Online algorithms that serve up increasingly narrow content undermine our ability to think about knowledge as an integrated whole. Going down the rabbit hole in one aspect of reality while neglecting the wider picture is a kind of curiositas. An expert biochemist without a moral framework will pursue harmful research. A teenager may be radicalized by increasingly narrowing channels on YouTube, or a pastor on Twitter.
Wisdom in how we pursue knowledge also protects us against ingratitude for knowledge. An atheist astrophysicist grasping at knowledge of the stars fails to know the true meaning of a galaxy. Seeking knowledge of created things without recognizing their Creator is a failure of gratitude.
For the Wrong Reasons
Such ungrateful grasping for knowledge also often reveals ungodly motives behind our desires to know. Some, for instance, might seek knowledge in order to sin. A straightforward example would be gossip. Others might pursue knowledge to feed pride. The apostle Paul warns that “knowledge puffs up” because pride often drives our desire to know (1 Corinthians 8:1).

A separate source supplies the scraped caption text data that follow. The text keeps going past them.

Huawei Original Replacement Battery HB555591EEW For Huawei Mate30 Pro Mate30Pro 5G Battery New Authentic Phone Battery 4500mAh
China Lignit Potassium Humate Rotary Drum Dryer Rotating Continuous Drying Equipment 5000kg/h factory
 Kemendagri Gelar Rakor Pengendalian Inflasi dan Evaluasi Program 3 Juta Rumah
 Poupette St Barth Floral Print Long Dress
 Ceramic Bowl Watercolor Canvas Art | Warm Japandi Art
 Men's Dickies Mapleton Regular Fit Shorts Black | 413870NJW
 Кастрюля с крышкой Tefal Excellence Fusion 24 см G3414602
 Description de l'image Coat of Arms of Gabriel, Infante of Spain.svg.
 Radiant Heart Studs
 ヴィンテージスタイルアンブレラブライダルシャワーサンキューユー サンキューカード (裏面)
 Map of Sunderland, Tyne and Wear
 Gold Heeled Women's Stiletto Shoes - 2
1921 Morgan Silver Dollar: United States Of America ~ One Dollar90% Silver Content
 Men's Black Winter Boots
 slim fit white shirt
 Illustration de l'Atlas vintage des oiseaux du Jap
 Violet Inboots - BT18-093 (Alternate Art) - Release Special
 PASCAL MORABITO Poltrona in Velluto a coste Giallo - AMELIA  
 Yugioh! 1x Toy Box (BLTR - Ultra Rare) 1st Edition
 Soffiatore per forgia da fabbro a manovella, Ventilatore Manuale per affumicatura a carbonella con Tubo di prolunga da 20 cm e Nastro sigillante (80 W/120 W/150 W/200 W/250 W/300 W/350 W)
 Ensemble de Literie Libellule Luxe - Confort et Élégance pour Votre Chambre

Pride often drives our curiosity to grasp at knowledge as if it could be possessed. It’s the chief culprit corrupting our desire to know.
We witness how destructive this self-aggrandizing quest for knowledge can become when we consider the theological student who tries to master the doctrine of God to build his own reputation.
The Gift of Curiosity
Disciplining our desire to know is not just about avoiding clickbait. It’s about cultivating our hearts such that we receive knowledge as a gift from God, rather than grasping at it as something to be possessed. And the greatest gift God gives through knowledge, of course, is himself.
God gave us the fundamental desire to know so that we could find ultimate satisfaction for our restless minds in God. Sin corrupted that desire, which is why we must discipline our curiosity by pursuing knowledge in the right way, at the right time, and for the right reasons. Otherwise, we will bear the bitter fruit of curiositas, which at its most benign can habituate us to binge-watching Netflix and at its worst can lead us to worshiping demons.
God’s command in Psalm 46:10 — “Be still, and know that I am God” — requires that we cultivate his gift of curiosity. So let us steady our curiosity with the trellis of Scripture, and submit it to the pruning of the Spirit, so that we can know God as we were made to know him.